Dalam waktu tiga bulan pasca kasus pertama, jumlah kematian akibat Covid-19 mencapai 50.000an orang, dan hanya 50 hari setelahnya bertambah lagi 50.000 kasus kematian.
Kementerian kesehatan Brazil, Sabtu (8/8/2020) melaporkan 49.970 kasus baru dan 905 kematian dalam kurun waktu 24 jam terakhir, meningkatkan jumlah kasus menjadi lebih dari 3 juta dan jumlah kematian menjadi 100.477.
Dengan meningkatnya jumlah kasus kematian ini menjadikan Brazil sebagai negara dengan angka kematian akibat COVID-19 terbanyak kedua, setelah AS.
Pasca ditemukannya kasus COVID-19 di Brazil, Pemerintah Brazil sebelumnya menganggap remeh penyebaran virus ini. Presiden Brazil Jair Bolsonaro pernah menyebut COVID-19 sebagai “flu ringan” dan dapat sembuh sendiri dengan hydroxychloroquine, obat anti-malaria yang belum terbukti dapat melawan virus Corona.
Kebijakan Presiden dalam merespon COVID-19 ini menyebabkan dua Menteri Kesehatan Brazil sebelumnya, yang mendorong Presiden untuk mempertahankan imbauan jaga jarak bagi masyarakat namun ditentang Presiden, akhirnya mengundurkan diri.
Alexandre Naime, Kepala Departemen Penyakit Menular Universitas Negeri Sao Paulo menyatakan bahwa Brazil belum sampai pada kasus puncak COVID-19 dan tidak dapat diprediksi kapan kasus kematian dapat berhenti.

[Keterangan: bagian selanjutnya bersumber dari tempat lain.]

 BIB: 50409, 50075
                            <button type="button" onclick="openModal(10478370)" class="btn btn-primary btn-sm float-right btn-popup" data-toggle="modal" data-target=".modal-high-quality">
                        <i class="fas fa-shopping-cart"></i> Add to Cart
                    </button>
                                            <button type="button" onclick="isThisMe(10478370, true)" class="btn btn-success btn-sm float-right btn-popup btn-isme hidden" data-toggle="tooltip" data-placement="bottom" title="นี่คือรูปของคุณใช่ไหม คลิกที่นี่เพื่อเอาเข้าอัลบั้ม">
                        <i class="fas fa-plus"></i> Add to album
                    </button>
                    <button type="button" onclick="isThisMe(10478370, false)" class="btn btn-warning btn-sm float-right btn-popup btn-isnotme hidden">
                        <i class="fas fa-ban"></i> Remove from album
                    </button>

“Kami tidak tahu di mana itu (angka kematian, red) akan berhenti, mungkin pada 150.000 atau 200.000 jumlah kematian. Hanya waktu yang akan menunjukkan dampak puncak COVID-19 di sini, “kata Naime dikutip dari Reuters.
Beberapa pakar kesehatan dan organisasi masyarakat telah memperingatkan Pemerintah bahwa Brasil masih belum memiliki rencana terkoordinasi untuk memerangi pandemi, karena banyak pejabat fokus pada “pembukaan kembali”, yang kemungkinan akan meningkatkan penyebaran penyakit dan memperburuk dampak dari wabah ini. (Redaksi)
Sumber: Reuters.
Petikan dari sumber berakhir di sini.